The operation of the whiteboard assembly arrangement 102 and the pointing device 112 are now described in more detail.
The X and Y drive coils are superimposed to the whiteboard assembly arrangement 102 display surface 114. The drive coils of the drive grid can be selected individually and, if required, in a random fashion by the drive multiplexers under the control of the processor.
When driving the X drive grid, the Y sense grid is connected to the synchronous demodulator via the sense multiplexer. Conversely when driving the Y drive grid, the X sense matrix is connected to the synchronous demodulator via the sense multiplexer.
The balanced array of each of the X sense coils and Y sense coils is such as to produce a nominal null in the sensed signal when the respective orthogonal drive coil is excited and no pointing device is present. This is due to the fact that any signal induced in one of the clockwise sense coils directly by the orthogonal drive coil will be induced in an equal and opposite sense in the corresponding counter clockwise sense coil. However when the pointer which is excited by a drive coil at its resonant frequency is placed in proximity to a sense coil it retransmits magnetic field which induces a voltage signal in the sense coils according to its position relative to the sense coils.

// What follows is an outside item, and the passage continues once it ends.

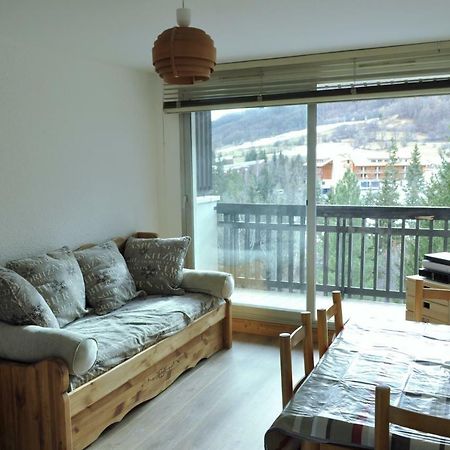 Appartement Appart. 2/4p pied pistes à Le Bez  Extérieur photo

FIG. 3 shows an arrangement of a Y portion of the sense grid and a Y portion of the drive grid in an exemplary embodiment. The sense grid, for the purposes of illustration in this embodiment, is of a four-phase non-overlapping type. The technique of operation is suited to many types of commonly used grid or matrix topologies and is particularly suited to topologies in which sense coils are arranged so that there is nominally a null sense voltage when no pointer is present, as discussed above.
The Y sense grid has an interconnected pattern which repeats several times across the display surface, each repeat being commonly referred to as a pitch. The number of pitches needed in any arrangement is dependent upon the width of each pitch and the size of the display surface. The sense grid permits the processor to determine with high resolution the position of the pointer within the pitch. This is achieved as follows.
Four phase signals from the sense coil are amplified and demodulated by the synchronous demodulator to generate DC voltage levels. The DC voltage levels are proportional to the amplitude of the AC signal which is being demodulated from the sense coils. The DC voltage levels are then converted into digital values by an analogue to digital converter (not shown) and are sent to the processor. The processor undertakes a vector summation on the four numbers (representing the four differently phased coils) and from this the exact position of the pointing device with respect to the four coils, i.e. within a particular pitch, is determined.
However the signal from the sense matrix alone cannot determine the absolute position of the pointer, since the processor cannot know from this information alone in which pitch the pointer is inducing the signals.
In order to determine the pitch in which the signals from the pointing device are induced, it is necessary to excite selectively the appropriate drive coils. The number of drive coils is equal to or greater than the number of pitches. For example to determine the pitch in the X axis the processor selectively energises the X drive coils and determines the peak amplitude and phase of the signals induced in the Y sense coils for each selected X drive coil. From this amplitude and phase information the X pitch is determined.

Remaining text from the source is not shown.